Methods: The lentivirus system was used to construct the overexpression wild-type α-SYN vector pLKO-CMV-α-SYN-WT-P2A-GFP and the α-SYNA30P mutant vector pLKO-CMV-α-SYN-A30P-P2A-GFP, respectively After transfecting 293FT cells and transiently transfecting for 24 hours, the expression level of α-SYN was detected by WB. After that, it was packaged with lentivirus and concentrated, and the virus diluent was injected into the substantia nigra dense part of the rat by stereotactic technology to overexpress α-SYN Wild-type and A30P mutant lentiviral particles. Immunofluorescence staining was used to detect the distribution of α-SYN and tyrosine hydroxylase (TH), and to observe the changes in the number of dopaminergic neurons in the substantia nigra compact area of the midbrain. Rotatingrod experiment evaluates the behavioral changes of rats injected with A30P lentivirus.

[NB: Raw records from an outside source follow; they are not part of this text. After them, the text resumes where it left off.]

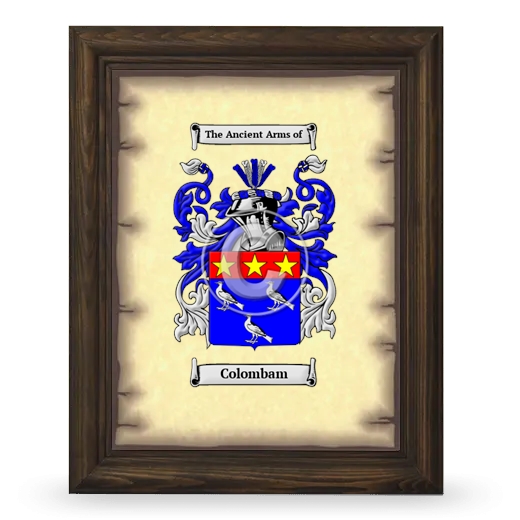 Colombam Coat of Arms Framed - Brown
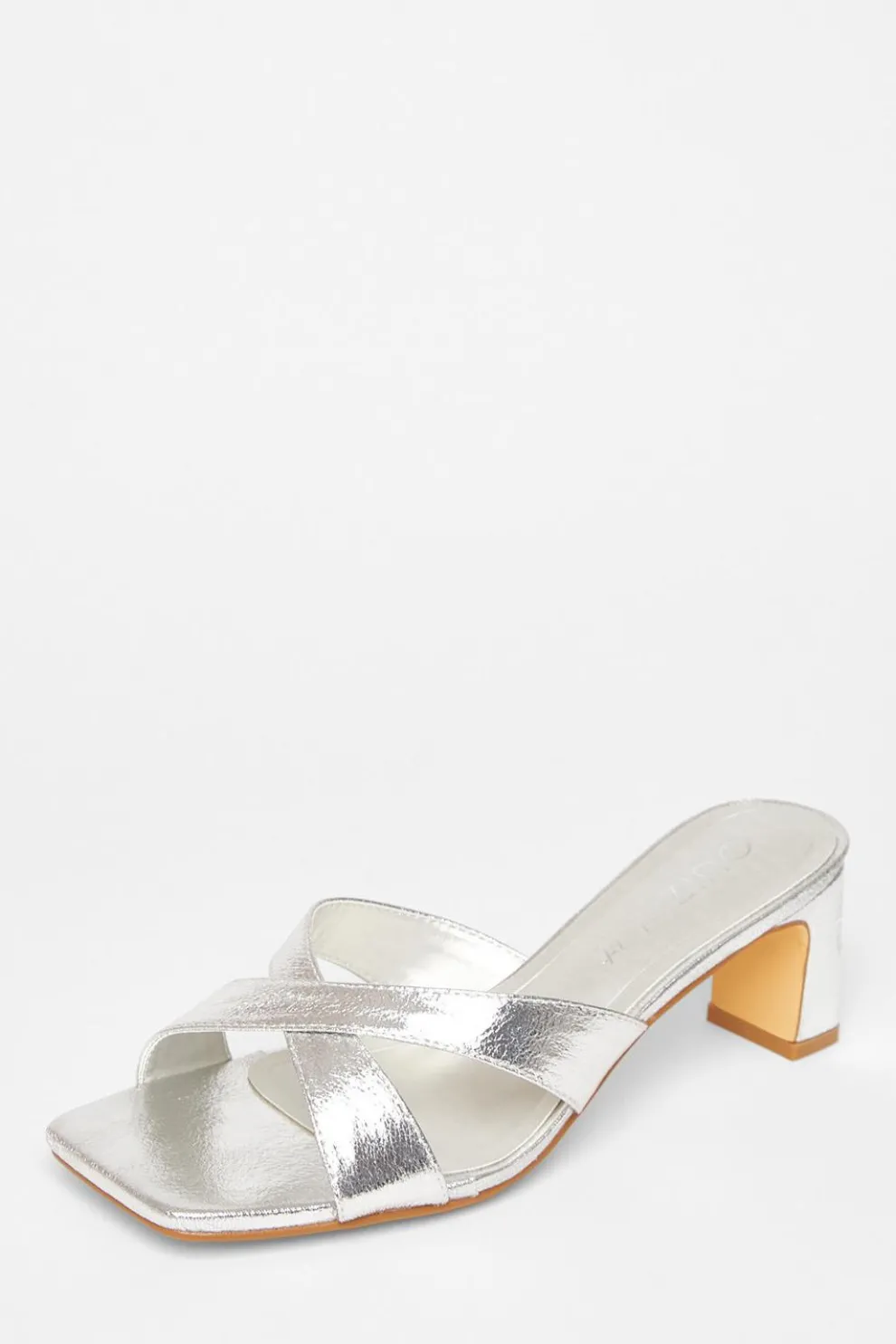 Wide Fit Silver Mule Heels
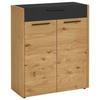 SCHUHSCHRANK Eiche, Balkeneiche furniert Schwarz, Eichefarben  - Eichefarben/Schwarz, Design, Holz/Holzwerkstoff (86/103/37cm)
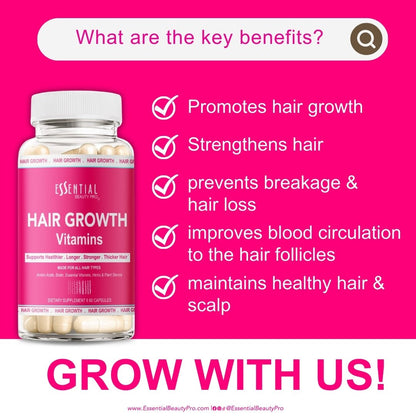 Essential Beauty Pro Hair Growth Vitamin Complex -  Amino Acids, Biotin, Herbs, Plant Sterols  6 Months Supply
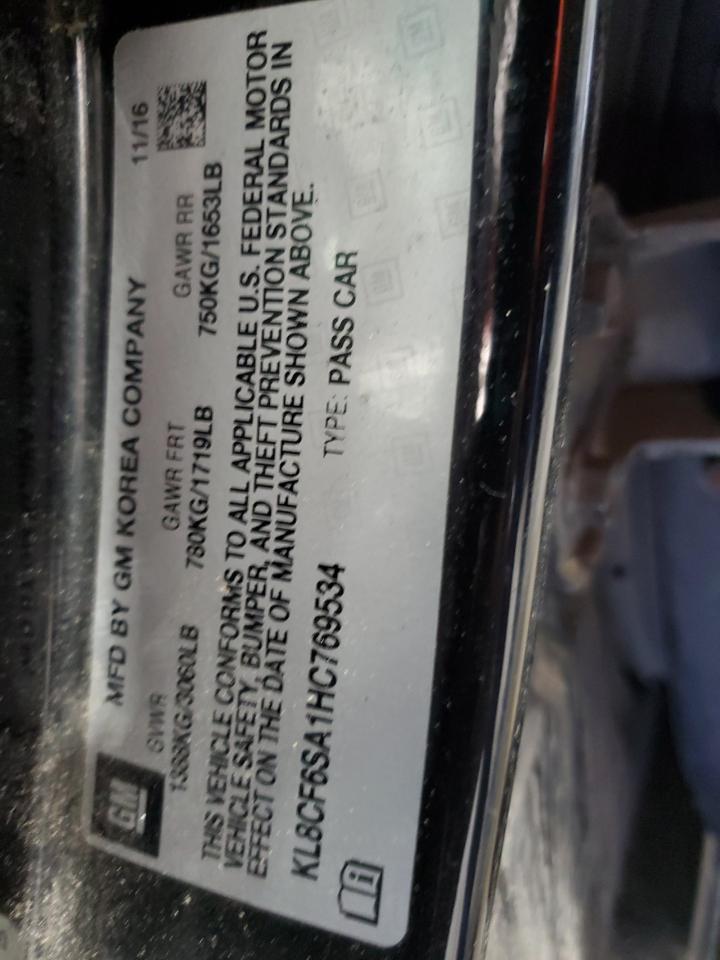 2017 Chevrolet Spark 2Lt VIN: KL8CF6SA1HC769534 Lot: 87458235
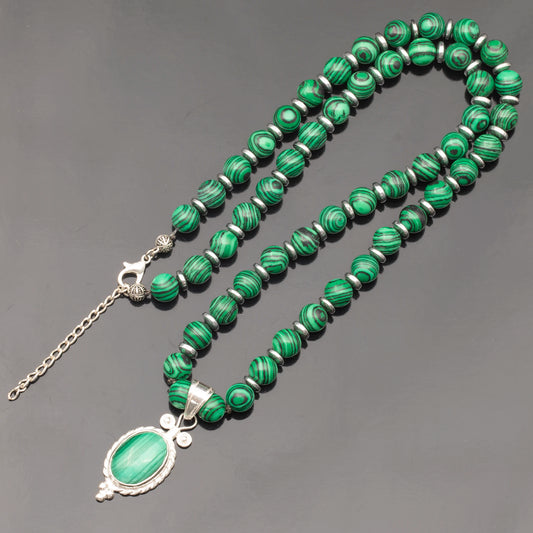 Natural Malachite Silver Pendant, Malachite Beaded Clasp Necklace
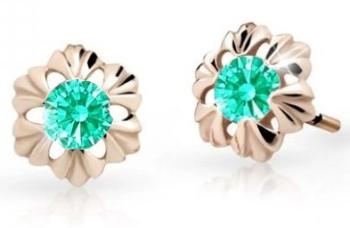 Cutie Jewellery Detské náušnice z ružového zlata C2213-30-X-4 svetlo zelená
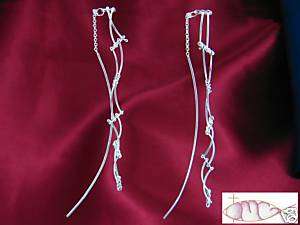 Sterling Silver Curved Bar Threader Earrings  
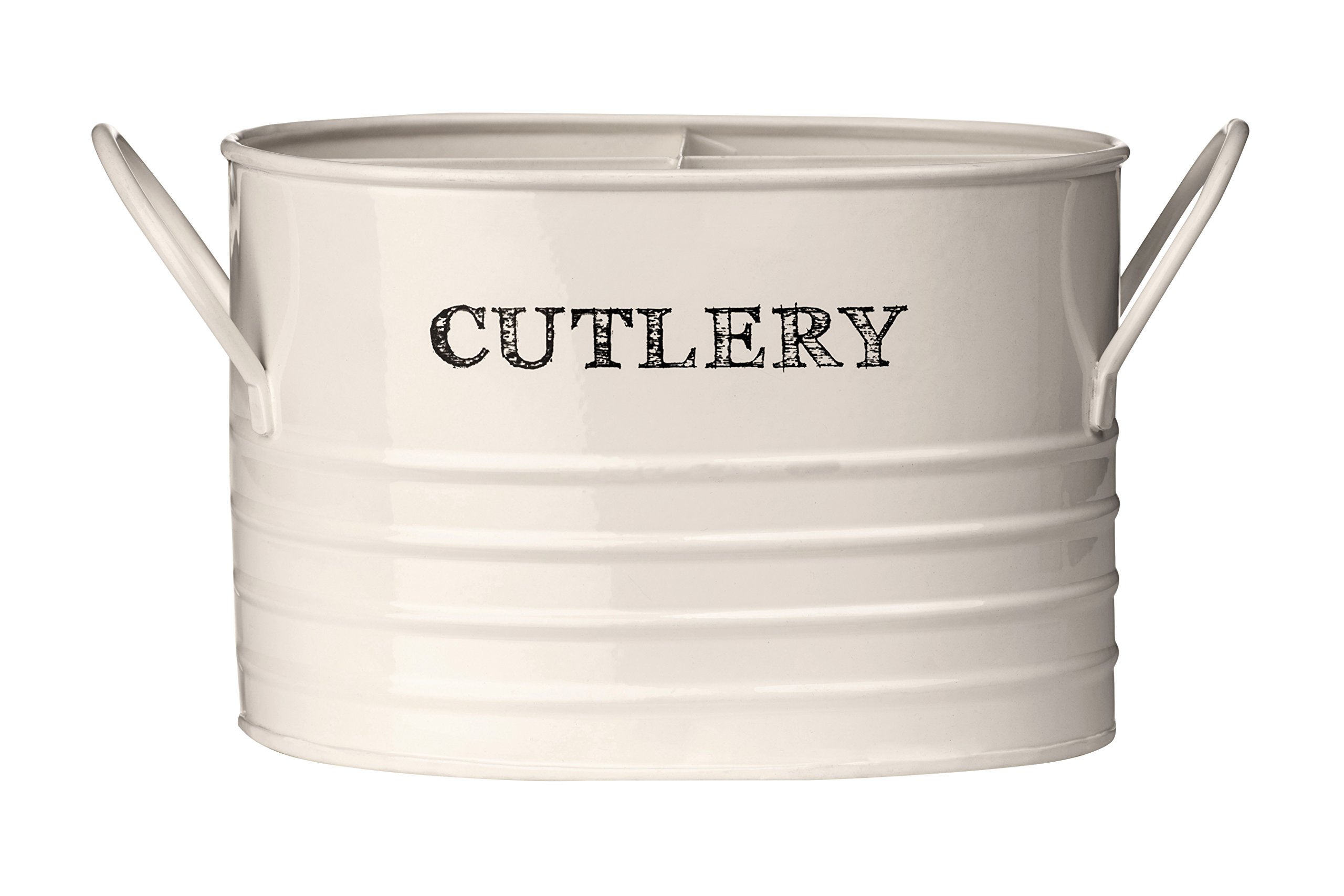 Premier Housewares Cutlery Organiser / Utensils Holder / Cutlery Holder / Kitchen Utensils Holder / Metal Cutlery Caddy - White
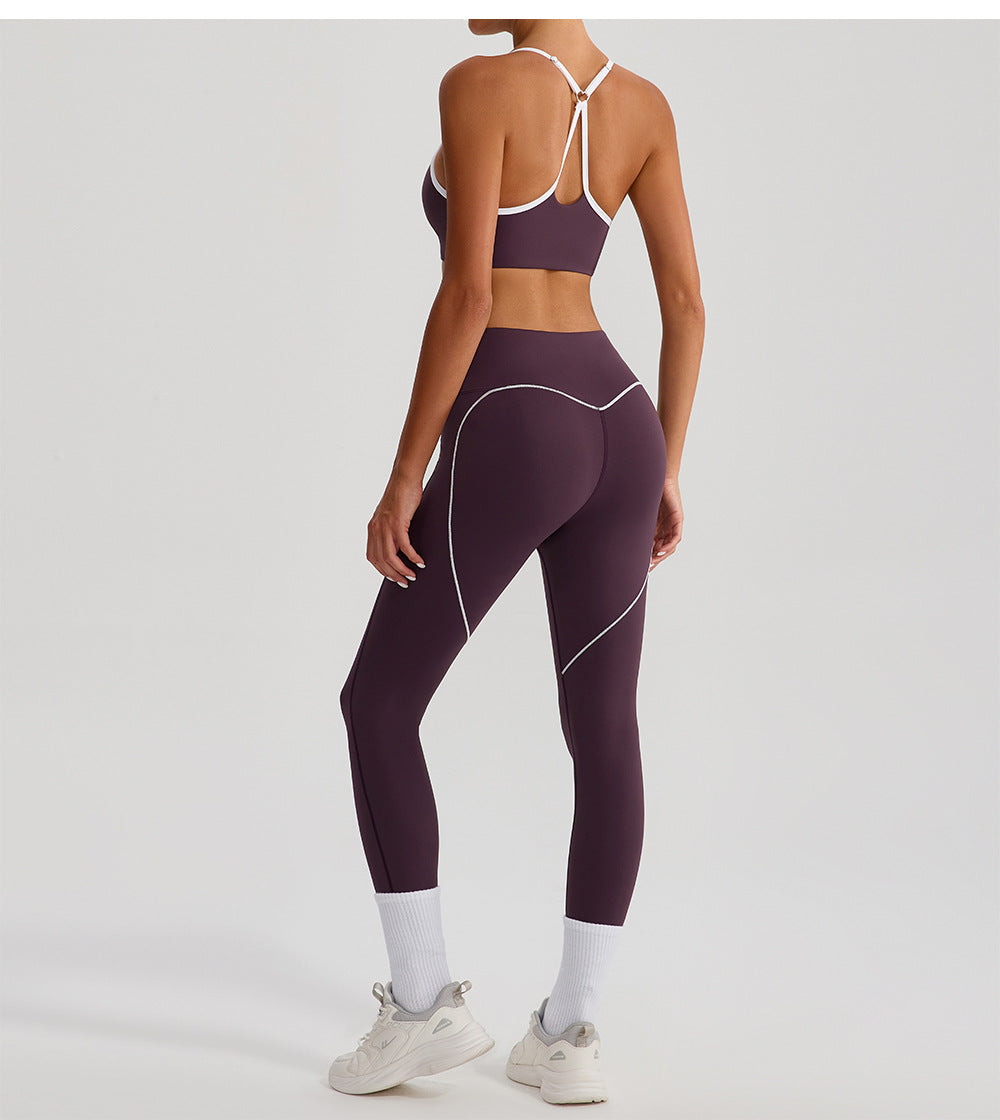 Contrast trim back leggings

Results: The wild-type and mutant A30P gene expression vectors can highly express α-SYN protein in 293FT cells. The results of TH immunofluorescence show that the over-expressing α-SYN wild-type and A30P mutants are larger than the virus dilution group. Mice can cause a decrease in the number of dopaminergic neurons in the substantia nigra compact part of the midbrain, while the α-SYNA30P lentiviral injection group has more midbrain substantia neurons missing, which has a significant difference. For the brains of A30P transgenic rats Immunofluorescence of the neuron deletion site found that TH staining in this area was almost negative, and a large amount of α-SYN protein aggregates. This result indicates that the disappearance of brain neurons is accompanied by the aggregation of α-SYN protein and a sharp decrease in TH expression. It further reveals that overexpression of α-SYN A30P can lead to the reduction and degeneration of the number of dopaminergic neurons. In addition, the results of the rotatingrod experiment show that the overexpression of α-SYNA30P rats show obvious progressive motor impairment.
Conclusion: The PD model of human α-SYNA30P mutant transgenic rats was established through the lentiviral system, laying a foundation for the research of PD pathogenesis and drug development.